Umumnya tahap kerja PCR koloni didahului dan diakhiri oleh tahapan pra-denaturasi dan final elongasi. Pra-denaturasi dilakukan selama 1 – 3 menit jika komponen GC pada DNA target kurang dari 50% atau akan mencapai 10 menit jika kandungan GC DNA target berlebih. Proses ini memastikan kesempurnaan denaturasi dan mengaktivasi Taq polimerase karena bersifat hot-start atau aktif setelah dipanaskan terlebih dahulu. Disamping itu, pada fase ini terjadi perusakan awal dari sel sehingga primer akan mudah tersisipkan pada DNA target. Final elongasi dilakukan pada suhu optimum enzim (70 – 72 oC) selama 5 – 15 menit untuk memastikan bahwa setiap utas tunggal yang tersisa sudah diperpanjang secara sempurna. Proses ini dilakukan setelah siklus PCR berakhir dan sangat penting ketika fragmen DNA akan diperbanyak ke dalam vektor (Pestana et al. 2010).
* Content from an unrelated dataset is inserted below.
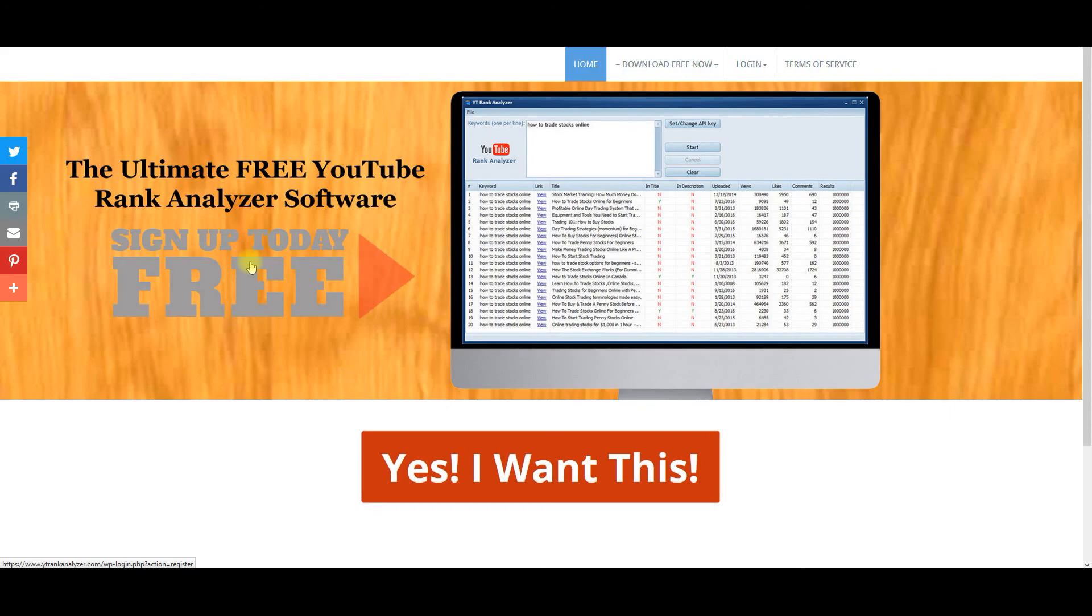So this is Bill Portnova. Hope you enjoyed this software and see you on the inside. Have yourself a great day. Talk soon. Bye-bye.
Elektroforesis Fragmen DNA Teknik elektroforesis merupakan teknik bioanalitik yang berfungsi untuk memisahkan molekul dalam suatu campuran dengan
pengaruh medan listrik yang dialirkan pada suatu medium yang mengandung sampel yang akan dipisahkan. Teknik ini memanfaatkan muatan listrik yang ada pada makromolekul seperti DNA sehingga terjadi pemisahan fragmen DNA (Yuwono 2006).
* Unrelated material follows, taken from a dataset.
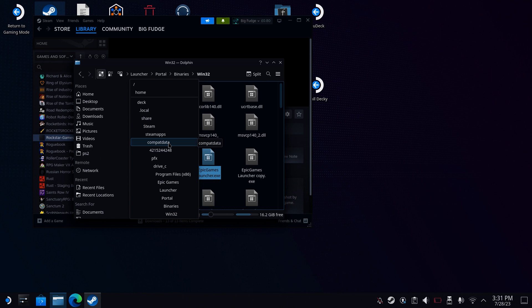So you need to head to Deck, Dot Local, Share, Steam, SteamApps and Compat Data. The Dot Local is a hidden folder, so you might need to click on the burger and click on Show Hidden Files and Folders.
Elektroforesis fragmen DNA terjadi dengan adanya peran medium yang memisahkan dua elektroda yakni katoda untuk menunjukkan kutub negatif dan anoda untuk menunjukkan kutub positif. Molekul yang bermuatan negatif akan menuju ke arah anoda dan begitu pula sebaliknya (Mikkelsen & Corton 2004). Fragmen DNA dipisahkan melalui media yakni gel poliakrilamid dan agarosa. Poliakrilamid biasanya digunakan untuk DNA dengan ukuran molekul kurang dari 100 nukleotida, sedangkan agarosa adalah gel yang lebih umum digunakan karena mampu memisahkan fragmen DNA yang lebih panjang (Nelson & Cox 2004).
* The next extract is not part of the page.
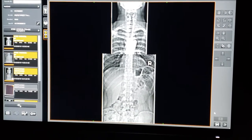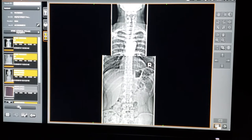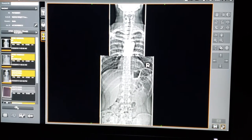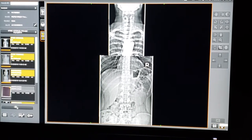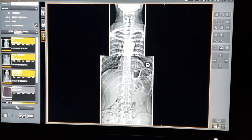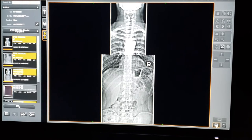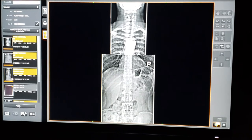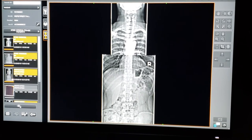If you're happy with that, you can hit the save button, or you can hit the reject button, undo it, and then you can start over again. I'm going to go ahead and hit the save button.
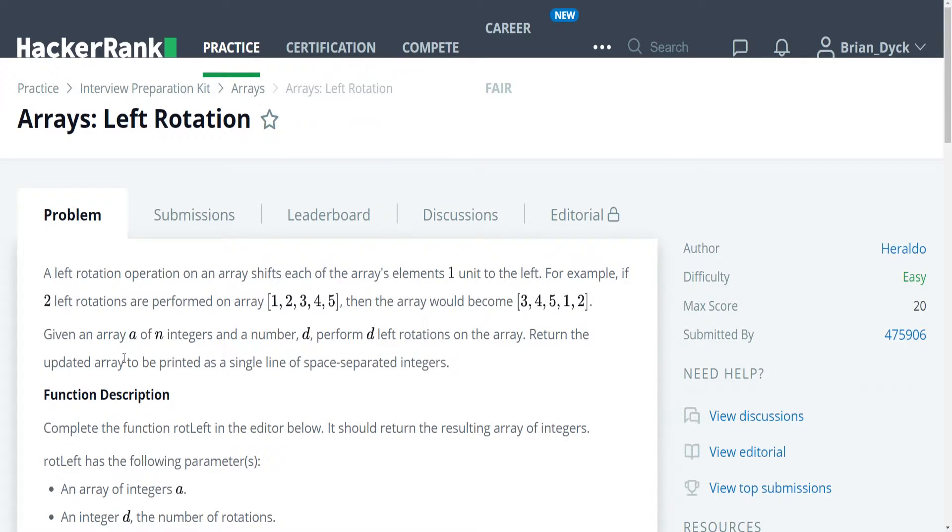Hello, my name is Brian Dick. I am a software engineer and this is my YouTube tutorial series on the HackerRank interview preparation kit. Today we're going over arrays, and in particular we're going over the left rotation problem.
Gel agarosa adalah suatu bahan semi padat dengan dasar struktur D-galaktosa dan 3,6-anhidro L-galaktosa yang diekstraksi dari rumput laut. Gel agarosa biasanya dilakukan dalam konfiguarsi horizontal dengan kekuatan medan listrik dan arah tetap. Gel agarosa dibuat dengan melarutkannya ke dalam bufer. Agar dapat larut dengan baik, pelarutan tersebut dibantu dengan pemanasan, misalnya menggunakan oven gelombang mikro. Gambar 3 Tahap perubahan temperatur PCR (Phil 2010).